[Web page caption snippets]
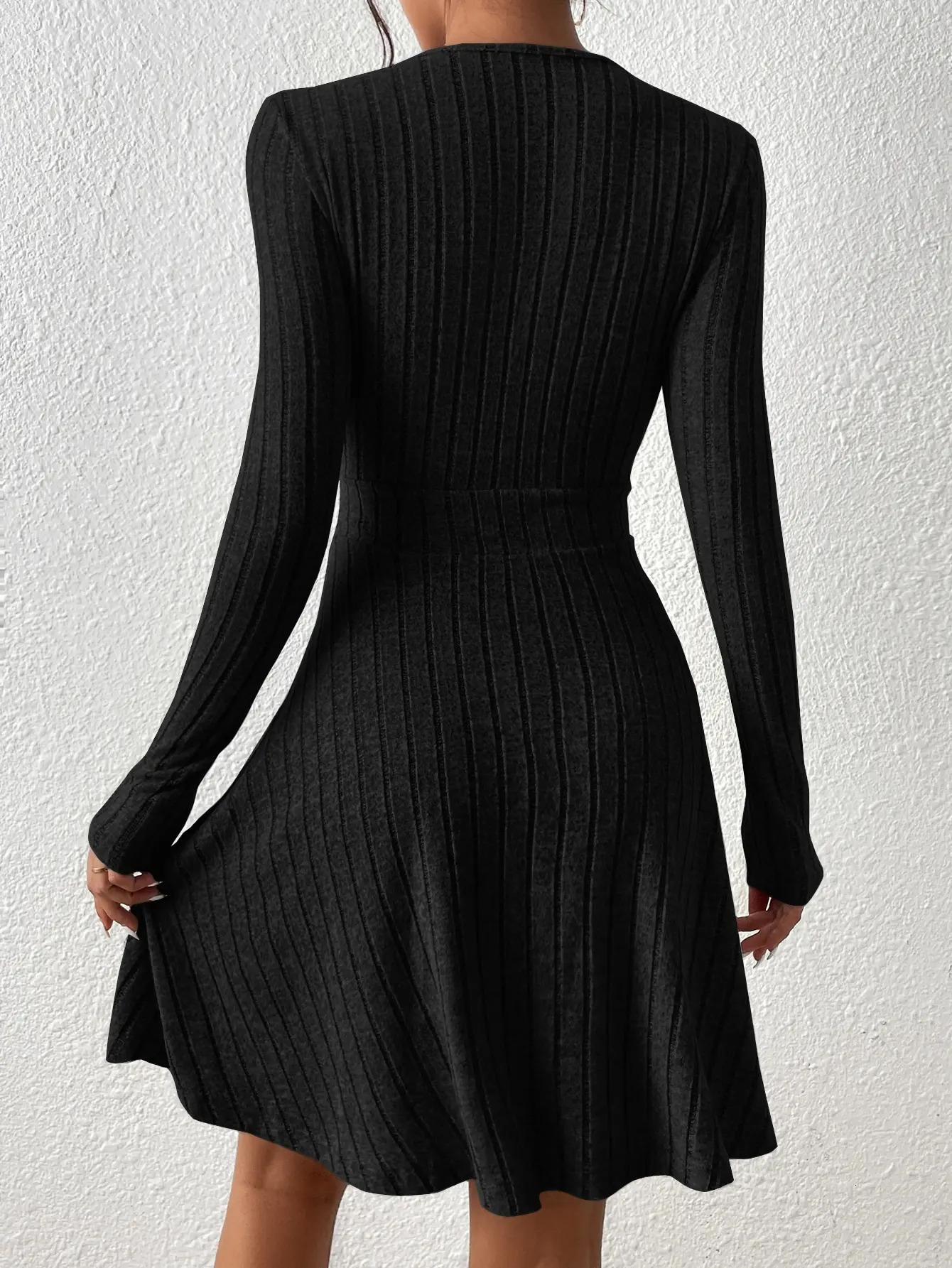 Autumn and Winter Womens Knitted Slim Sexy Sheath Dress Waist Slimming Inside a Short Bag Hip Little Black Dress 250226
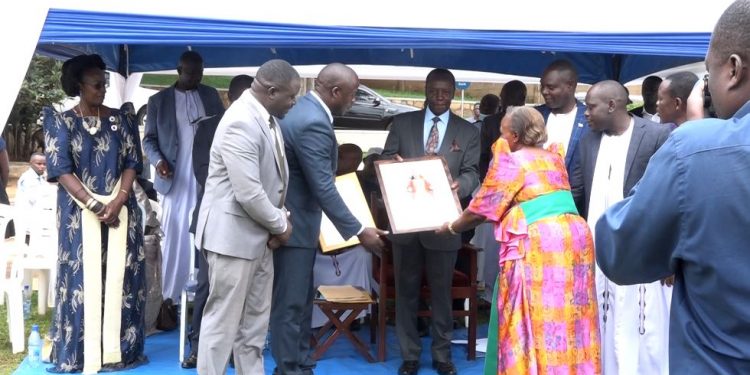 Owek. Mugumbule asabye abantu bulijjo okutendeka obulungi bebakulira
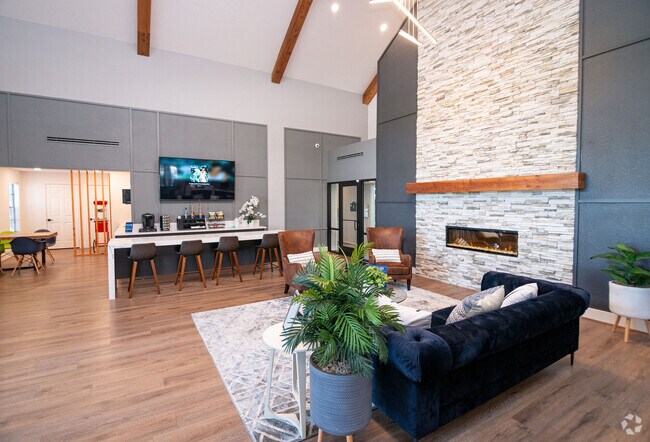 Thumbnail for Home Gym Penthouse Apartments In League City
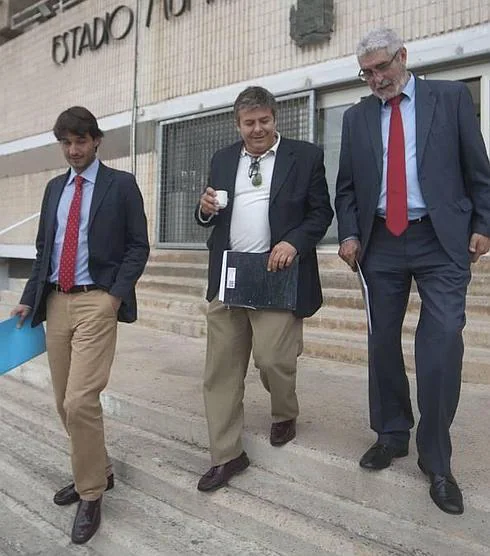 Javier Marco, Javier Martínez y Paco López, los tres miembros del consejo de administración del Cartagena, antes de comparecer juntos en la sala de prensa del Cartagonova, el 10 de junio del año pasado.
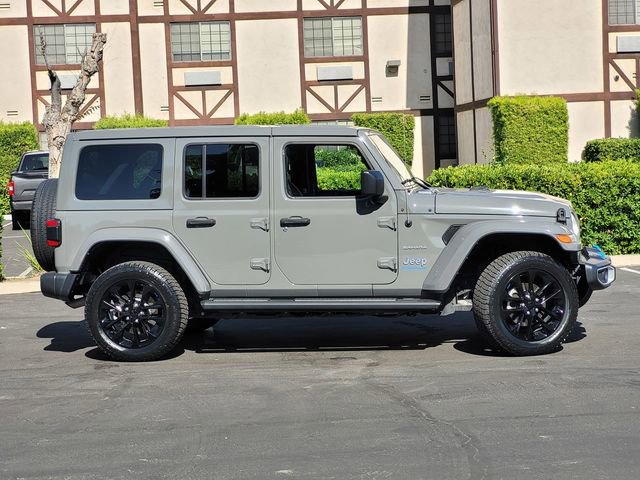 Used 2023 Jeep Wrangler Unlimited Sahara w/ Cold Weather Group AWD/4WD image 4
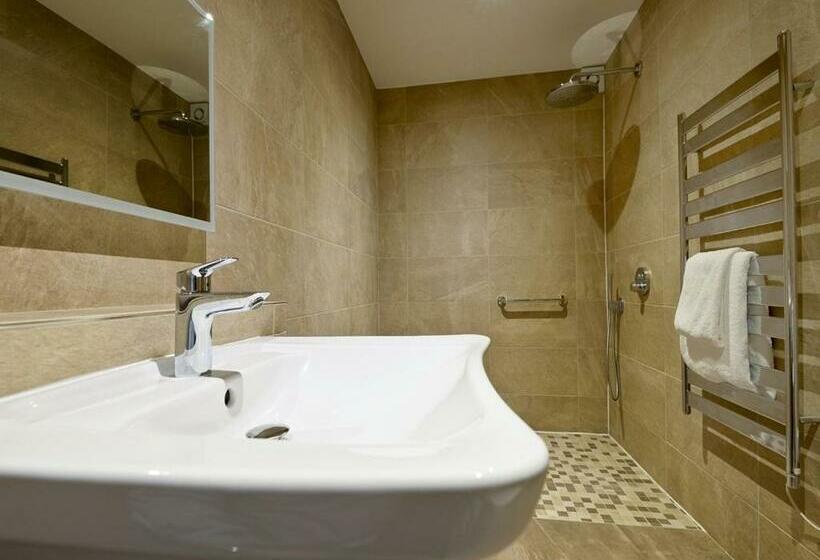 スタンダードルーム, 3 Millstones Inn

**WORK TO COMPLETE**
Would you transcribe exactly, and only, the lines from the one containing "Used 2023 Jeep" through the last line of the records above, both included, leaving out the pictures?

**TASK RESPONSE**
 Used 2023 Jeep Wrangler Unlimited Sahara w/ Cold Weather Group AWD/4WD image 4
 スタンダードルーム, 3 Millstones Inn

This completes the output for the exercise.